Night owls across the District rejoice: if all goes as expected, Metro will reinstate late night service on the system during the summer of 2019. That means we’ll again see midnight closing times on weekdays and 3 a.m. closures on the weekends.
D.C.’s representatives on the Metro Board of Directors told reporters on Tuesday that they will veto a proposal to extend late night service cuts for yet another year. The Washington Post Express was the first to report on the predicted veto.
The District’s representatives on the board are Chair (and Ward 2 Councilmember) Jack Evans and Corbett Price. Evans tells DCist that both he and Price plan to reject a request from Metro General Manager Paul Wiedefeld to preserve limited night service on the system. Wiedefeld’s request would mean yet another year of closing at 11:30 p.m. on most weeknights and 1 a.m. on the weekends.
Evans’ and Price’s joint “no” votes automatically veto the proposal, because Metro rules require that all measures have the support of at least one board member from each jurisdiction (D.C., Virginia, and Maryland). The board will discuss the proposal at its Thursday meeting.

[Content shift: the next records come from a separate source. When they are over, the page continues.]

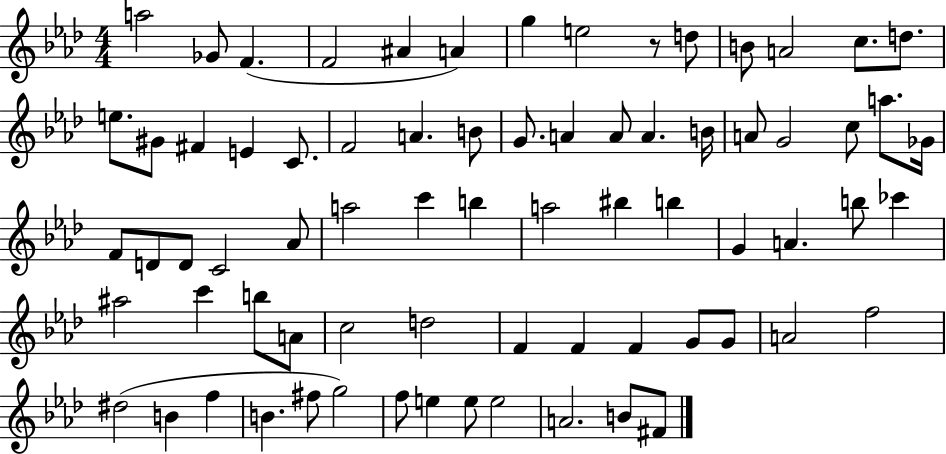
{
  \clef treble
  \numericTimeSignature
  \time 4/4
  \key aes \major
  \repeat volta 2 { a''2 ges'8 f'4.( | f'2 ais'4 a'4) | g''4 e''2 r8 d''8 | b'8 a'2 c''8. d''8. | \break e''8. gis'8 fis'4 e'4 c'8. | f'2 a'4. b'8 | g'8. a'4 a'8 a'4. b'16 | a'8 g'2 c''8 a''8. ges'16 | \break f'8 d'8 d'8 c'2 aes'8 | a''2 c'''4 b''4 | a''2 bis''4 b''4 | g'4 a'4. b''8 ces'''4 | \break ais''2 c'''4 b''8 a'8 | c''2 d''2 | f'4 f'4 f'4 g'8 g'8 | a'2 f''2 | \break dis''2( b'4 f''4 | b'4. fis''8 g''2) | f''8 e''4 e''8 e''2 | a'2. b'8 fis'8 | \break } \bar "|."
}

Late-night and weekend hours were first curtailed on a long-term basis during the year-long maintenance plan dubbed “SafeTrack,” which started in June 2016. Then, the Metro board approved a two-year-long service reduction beginning in July 2017 to allow Metro to perform more necessary (in some cases urgently necessary) track work at night. That vote was fraught—Evans said he had to convince Mayor Muriel Bowser to go along with the plan. Evans himself was initially resistant, but eventually agreed to the reduction with the stipulation that it would be temporary.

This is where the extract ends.